* _Requirement_:
With pictures left out, only the lines from the one containing "To change the" through the end of the records should be reproduced exactly, please.

Items from a dataset:

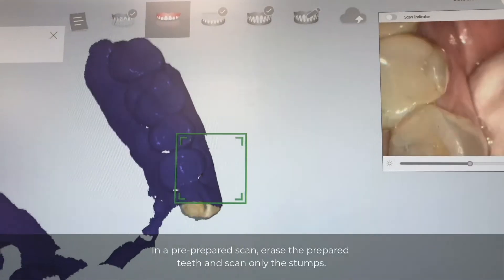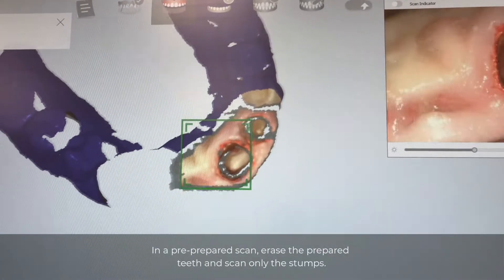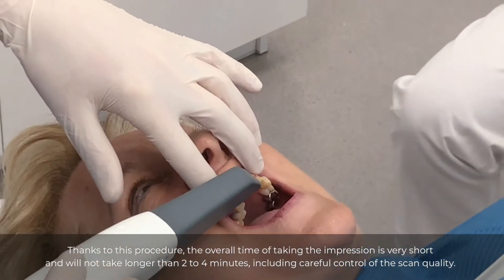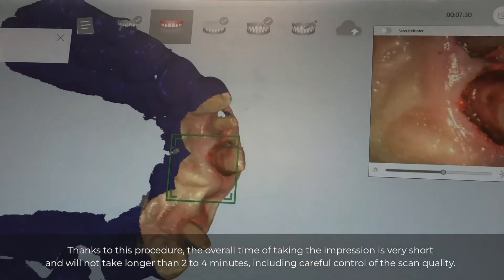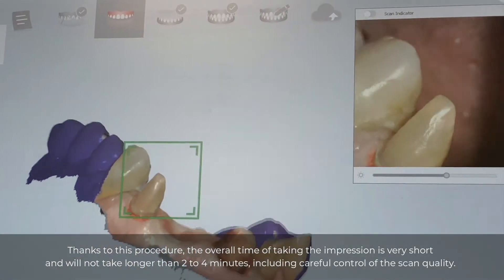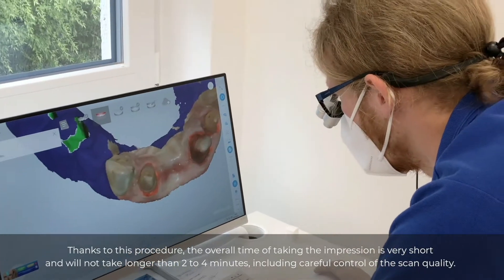In a pre-prepared scan, erase the prepared teeth and scan only the stumps. Thanks to this procedure, the overall time of taking the impression is very short and will not take longer than two to four minutes, including careful control of the scan quality.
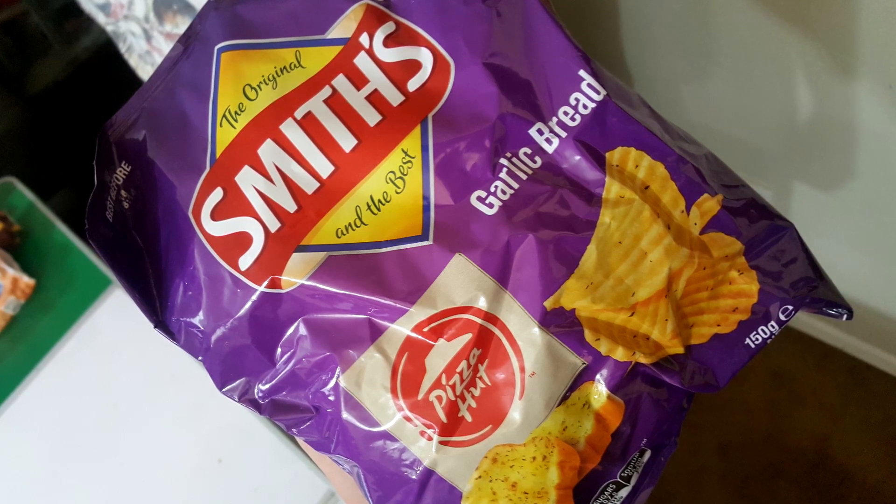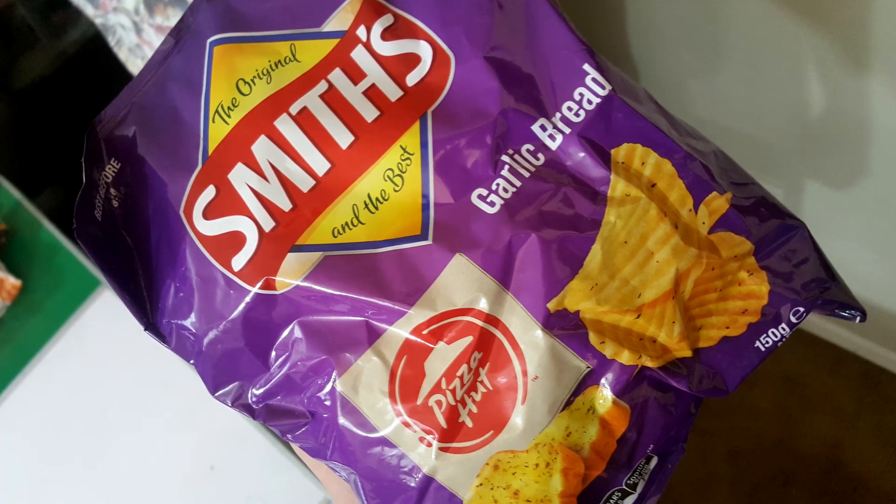This is Smiths, which is a big brand over in Australia. It does not exist here. Looks like Lay's — I've never seen it. We used to have a Smiths. Maybe it is their Lay's. This is a Pizza Hut collaboration — Smiths Pizza Hut garlic bread potato chips.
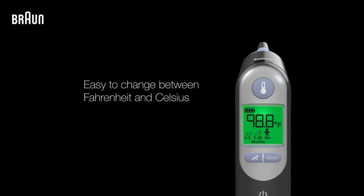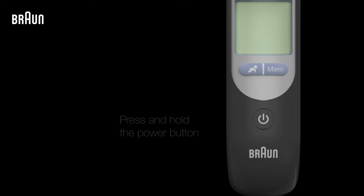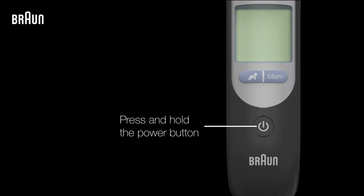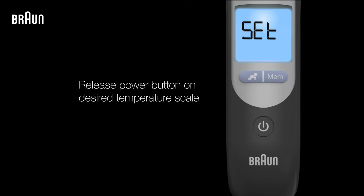To change the temperature scale of your thermometer between Fahrenheit and Celsius, the thermometer must be turned off. Once it's off, press and hold down the Power button. The display will then show the different temperature scale options. Release the Power button when the temperature scale you'd like to use is shown.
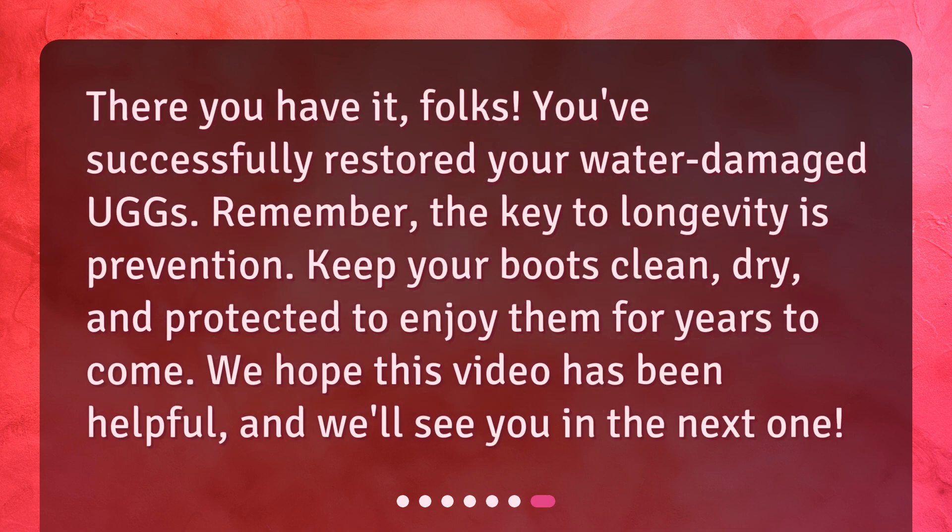There you have it, folks. You've successfully restored your water-damaged Uggs. Remember, the key to longevity is prevention. Keep your boots clean, dry, and protected to enjoy them for years to come.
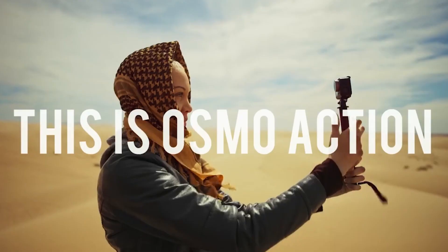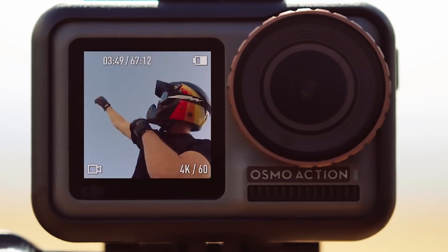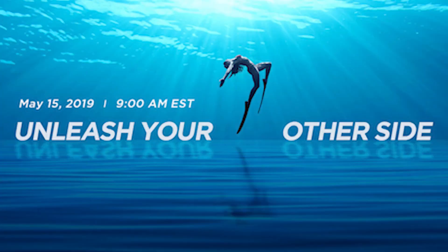DJI released a new action cam, the Osmo Action Camera. It's the usual DJI release — there's a lot of fanfare, they send a promo to everyone. I was very excited when I saw the impending release of this camera, but I'm going to talk a little bit about whether I'm still excited about it.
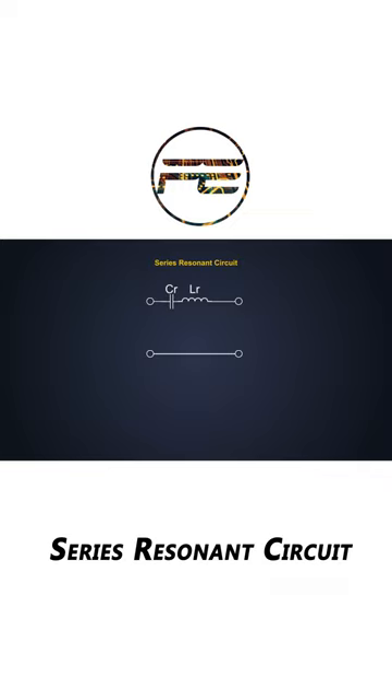When we see the response of this converter, it looks like this. And as we have seen, the response of the converter depends on the output load as well.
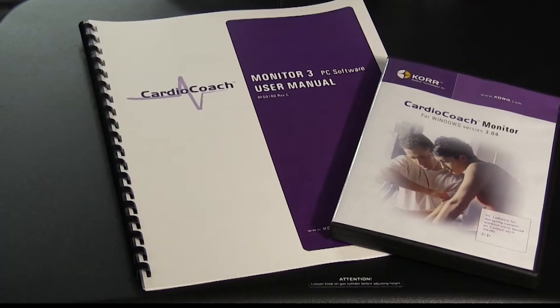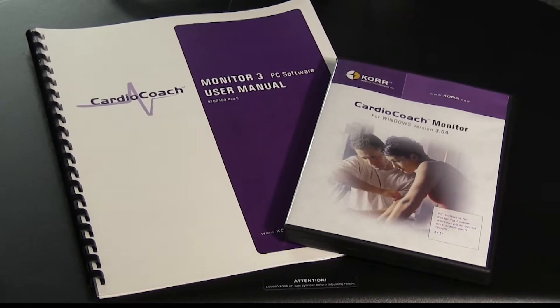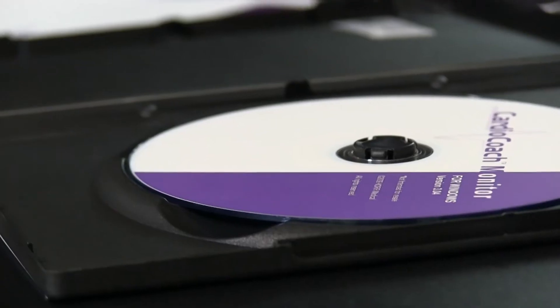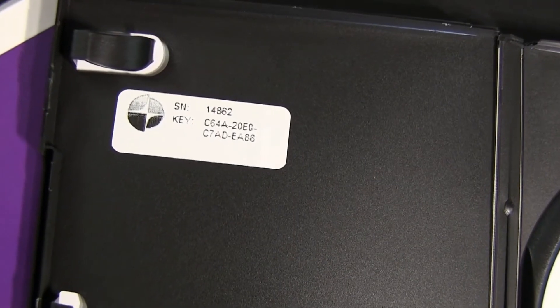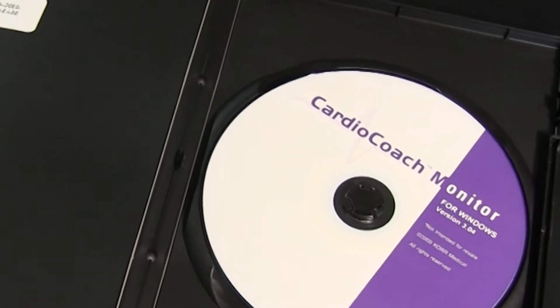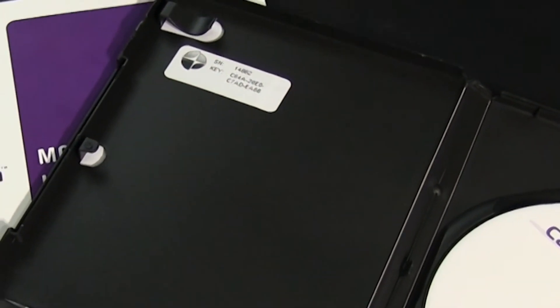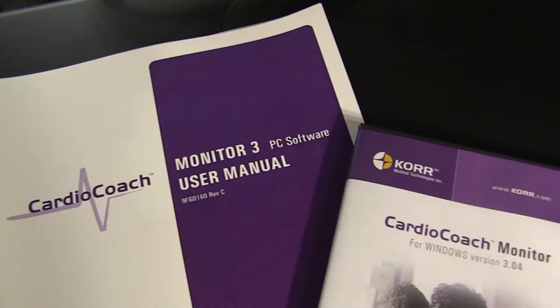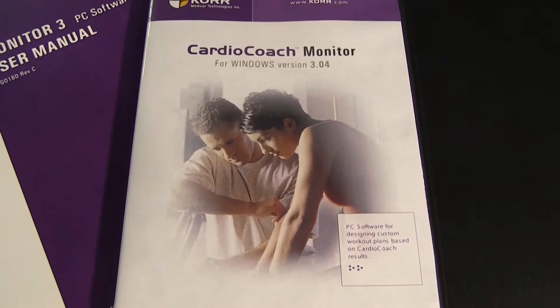If you have purchased the CardioCoach monitor software or if you are using a CardioCoach CO2, your unit will include a CD case with a copy of the software. Inside this case is a registration code that is unique to you. There are occasions when a power surge, Microsoft critical update, or change of computers will require you to re-enter this registration code. You will want to save the case or the number in a safe place to keep it readily available.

* _Your response_:
To change the temperature scale of your thermometer between Fahrenheit and Celsius, the thermometer must be turned off. Once it's off, press and hold down the Power button. The display will then show the different temperature scale options. Release the Power button when the temperature scale you'd like to use is shown.
There you have it, folks. You've successfully restored your water-damaged Uggs. Remember, the key to longevity is prevention. Keep your boots clean, dry, and protected to enjoy them for years to come.
DJI released a new action cam, the Osmo Action Camera. It's the usual DJI release — there's a lot of fanfare, they send a promo to everyone. I was very excited when I saw the impending release of this camera, but I'm going to talk a little bit about whether I'm still excited about it.
When we see the response of this converter, it looks like this. And as we have seen, the response of the converter depends on the output load as well.
If you have purchased the CardioCoach monitor software or if you are using a CardioCoach CO2, your unit will include a CD case with a copy of the software. Inside this case is a registration code that is unique to you. There are occasions when a power surge, Microsoft critical update, or change of computers will require you to re-enter this registration code. You will want to save the case or the number in a safe place to keep it readily available.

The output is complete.